[cisco-voip] Call length on paging ports

Dave Goodwin dave.goodwin at december.net
Mon Sep 25 16:19:06 EDT 2017


It may be that the person performing the page and placing the paging port
on hold is in the front office and isn't within earshot of the plant floor.
I could definitely see that.

In addition to checking the options on the paging system itself, have you
considered the option of configuring the Hold Reversion Ring Duration and Hold
Reversion Notification Interval fields on the lines? In particular, either
the lines from where the undesired Hold button is taking place - or perhaps
on all lines by configuring the cluster wide service parameters by those
names. It doesn't prevent the person from pressing Hold in the first place.
And it still requires someone to (after resuming) actually end the call to
the paging port. But maybe providing the reminder that it's actually a held
call will help. Maybe a desire to avoid the hold reminder will help get the
message across to the user that they're "doing it wrong" and seek training
on how to do it. But then again they may just complain about the extra
noise and ask it to be disabled. ;-)

On Mon, Sep 25, 2017 at 3:46 PM, Ben Amick <bamick at humanarc.com> wrote:

> Call me crazy, but wouldn’t someone in the plant hear that they put the
> paging system on hold and fix it by picking the call back up? Ryan’s
> suggest would belay it, but user training would also be a good mention.
>
>
>
> A secondary measure is to look at what you’re hooked up to. In the past
> almost all of the FXO based paging systems run through a paging adapter of
> sorts, like a Valcom.
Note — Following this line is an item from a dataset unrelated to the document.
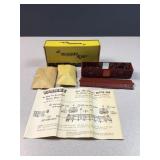 (red) New York Central cattle Varney HO train car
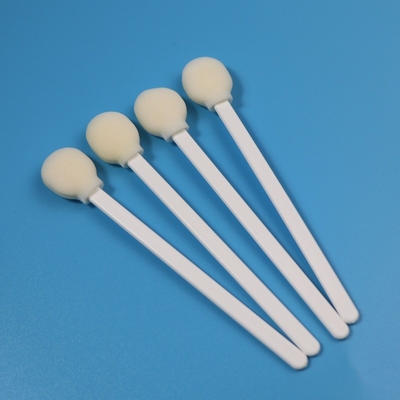 5" grande espuma redonda sem fiapos cotonete derrubado da sala de limpeza com punho plástico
Those typically have a setting on them that you can
> set max timeout as well as on-hook detection.
>
>
>
> Ben Amick
>
> Unified Communications Analyst
>
>
>
> *From:* cisco-voip [mailto:cisco-voip-bounces at puck.nether.net] *On Behalf
> Of *Ryan Huff
> *Sent:* Monday, September 25, 2017 3:37 PM
> *To:* Loren Hillukka <lchillukka at hotmail.com>
> *Cc:* cisco-voip at puck.nether.net
> *Subject:* Re: [cisco-voip] Call length on paging ports
>
>
>
> You might find that editing the softkey template and relocating the hold
> softkey away from the end call softkey for the connected state might be a
> solution (that way you don’t have to alter the behavior of the pots line).
>
>
>
> Thanks,
>
>
>
> Ryan
>
>
> On Sep 25, 2017, at 3:31 PM, Loren Hillukka <lchillukka at hotmail.com>
> wrote:
>
> I have a plant building with a 4351 connected to a paging system via an
> FXO port.  Site has phones connected to CUCM, gw is not MGCP.  Users at the
> plant are notorious for paging, then pressing "hold" instead of "end call"
> on the Cisco phones they page from. The plant floor then gets MOH playing
> and nobody else can page until I shut/no shut the port or they unplug the
> cable from the fxo port.
>
> Any idea if a max length of call timer can be applied only to that one fxo
> port, to disconnect any call to it after 15 seconds or so?